Value iteration: brief

What you’ll learn

This is lesson 5 of Track 17 (Reinforcement Learning Foundations) and the close of Phase 2 (Planning with a known model). The previous lesson built policy iteration, which alternated full evaluation with greedy improvement. Value iteration is the simpler sibling: it interleaves the two completely by applying the Bellman optimality equation as a direct update, sweep after sweep, with no explicit policy until you ask for one. The source curriculum is David Silver’s UCL RL course (CC BY-NC 4.0), freely available and cited per lesson as further study.

The lesson writes the value-iteration update, explains why it converges (the Bellman optimality operator is a contraction in the sup-norm with constant gamma, giving geometric convergence at rate gamma), runs four iterations on the same two-state MDP as the previous lesson so the comparison is direct, shows that the greedy policy is already pi^* from the first iteration even though V is still creeping toward V^*, places value iteration at the extreme of the generalized-policy-iteration spectrum, and previews how the same update reappears in Q-learning (with samples) and DQN (with function approximation).

Where this fits

This is lesson 5 of 10, the final lesson of Phase 2. It uses everything from the Bellman-equation lesson (lesson 3) and the policy-iteration lesson (lesson 4), and it closes the planning phase. Phase 3 (lessons 6-8) re-does the same evaluate-and-improve idea from samples, with Monte Carlo and TD methods replacing the model-based evaluation step.

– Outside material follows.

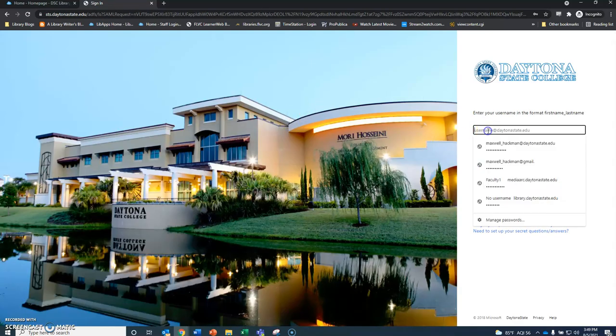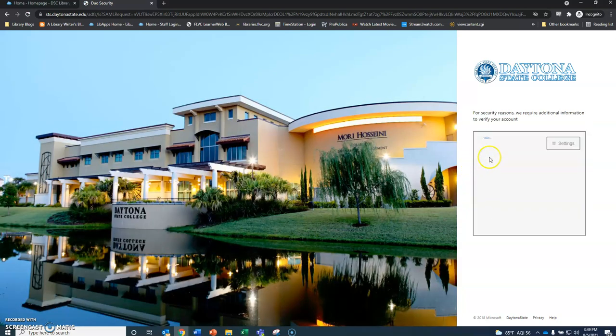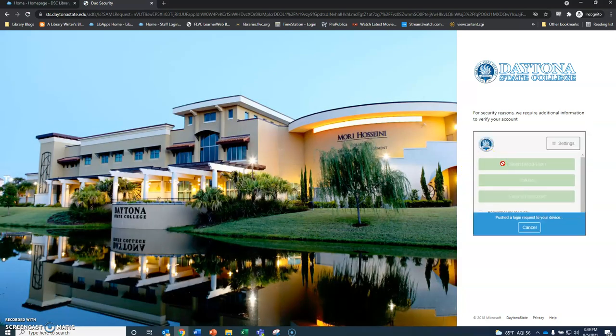You'll get an option here to sign in with your email address and password. Go ahead and sign in. Then we'll need to verify. I'm going to send myself a push here and get that approved.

Q-learning specifically is value iteration’s update form applied sample-by-sample.

Before you start

Prerequisites: the previous lesson (Policy iteration) and lesson 3 (Value functions and the Bellman equations). Comfort with the Bellman optimality equation, sums over next states, and max over actions. Small arithmetic and the contraction-mapping intuition (a fact, not a proof in this lesson) are all that is needed.

About the math

The arithmetic is hand-sized: at each iteration you compute, for each state, the Q values for every action (immediate reward plus discounted expected next-state value) and take the maximum. The A/B worked example runs four iterations explicitly; the practice runs a fresh MDP for three iterations. The contraction-mapping fact (||T^* U - T^* V||_inf <= gamma * ||U - V||_inf) is stated and used as the reason convergence is geometric; the proof is left to the textbook.

By the end, you’ll be able to

Write the value-iteration update as a direct sweep of the Bellman optimality equation
Run value iteration through several iterations on a small MDP
Explain why the Bellman optimality operator is a contraction with rate gamma and why that guarantees convergence to V^*
Recognize that the greedy policy often stabilizes well before V converges, and use that as a stopping rule
Place value iteration as the extreme case of generalized policy iteration (one Bellman sweep per “improvement”)

Time and difficulty

Read time: about 13 minutes
Practice time: about 16 minutes (a self-check, a run-value-iteration exercise on a fresh small MDP, a stopping-rule and PI-vs-VI comparison drill, and flashcards)
Difficulty: standard (concrete arithmetic, every iteration shown; the contraction property is stated as a fact, not derived)